Recently released figures confirm that 2009 is expected to be the fifth-warmest year in the instrumental record that dates back to 1850.
The latest forecast from our climate scientists, shows the global temperature is forecast to be almost 0.6 °C above the 1961-90 long-term average. This means that it is more likely than not that 2010 will be the warmest year in the instrumental record, beating the previous record year which was 1998.
A record warm year in 2010 is not a certainty, especially if the current El Niño was to unexpectedly decline rapidly near the start of 2010, or if there was a large volcanic eruption. We will review the forecast during 2010 as observation data become available.
Looking further ahead, our experimental decadal forecast confirms previous indications that about half the years 2010-2019 will be warmer than the warmest year observed so far - 1998.
The 1961-90 global average mean temperature is 14.0 °C.
Global temperature for 2010 is expected to be 14.58 °C, the warmest on record.
The warmest year on record is 1998, which reached 14.52 °C, was a year dominated by an extreme El Niño
Over the ten years, 2000-2009, since the Met Office has issued forecasts of annual global temperature, the mean value of the forecast error is 0.06 °C.
Interannual variations of global surface temperature are strongly affected by the warming influences of El Niño and the cooling influences of La Niña in the Pacific Ocean. 2009, with a provisionally observed temperature of 14.44 °C, can be compared with the identical forecast value of 14.44 °C.
The Met Office, in collaboration with the University of East Anglia, maintains a global temperature record which is used in the reports of the Intergovernmental Panel on Climate Change.

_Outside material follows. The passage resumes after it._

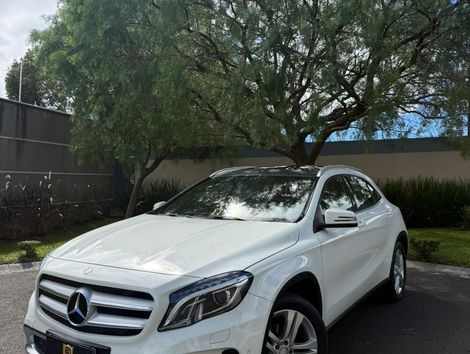 Mercedes GLA 200 Vision 1.6/1.6 TB 16V Flex Aut.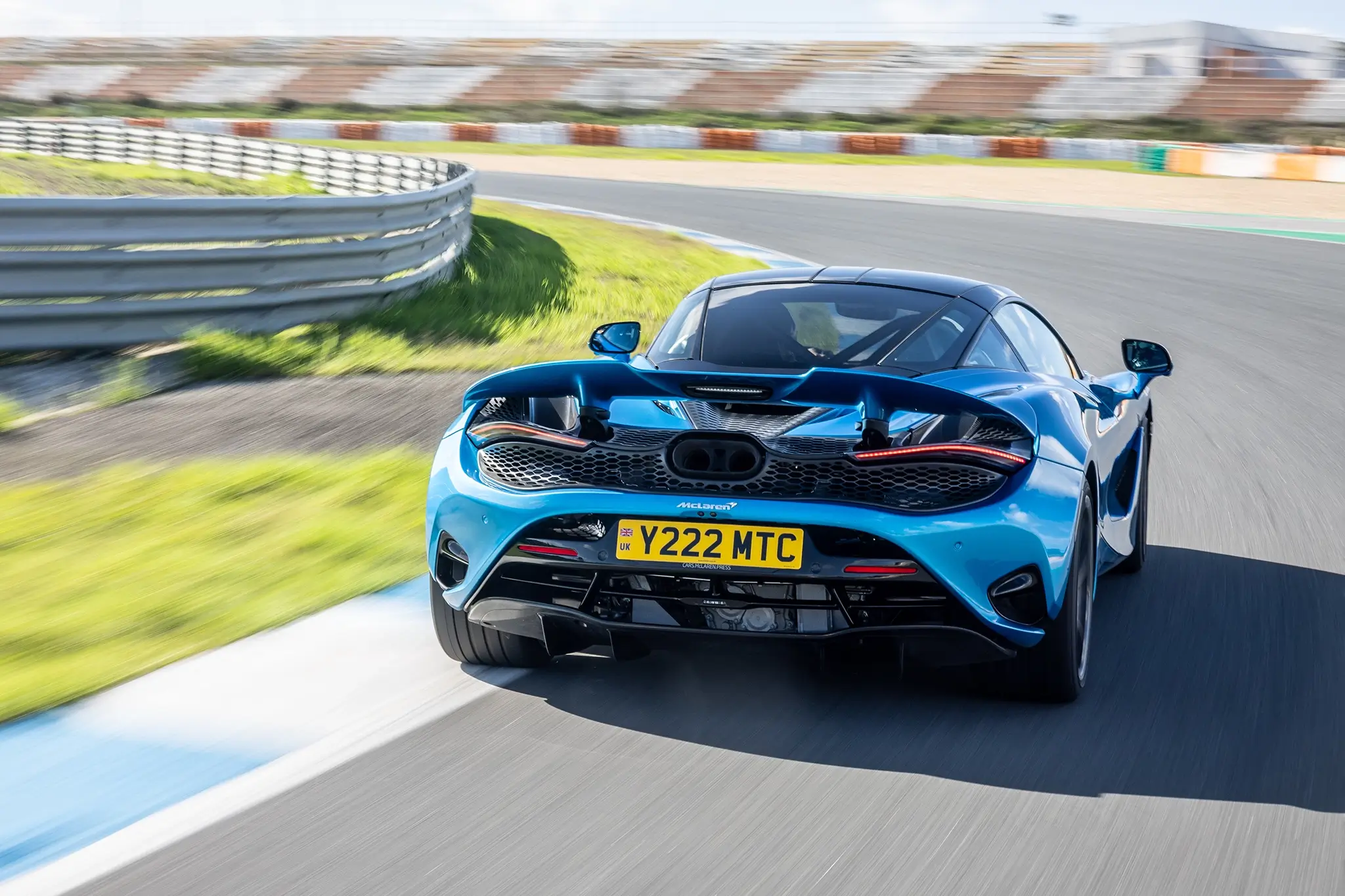 McLaren 750S - vista traseira em pista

Each December or January the Met Office, in conjunction with the University of East Anglia, issues a forecast of the global surface temperature for the coming year. The forecast takes into account known contributing factors, such as El Niño and La Niña, increasing greenhouse gas concentrations, the cooling influences of industrial aerosol particles, solar effects, volcanic cooling effects if known, and natural variations of the oceans.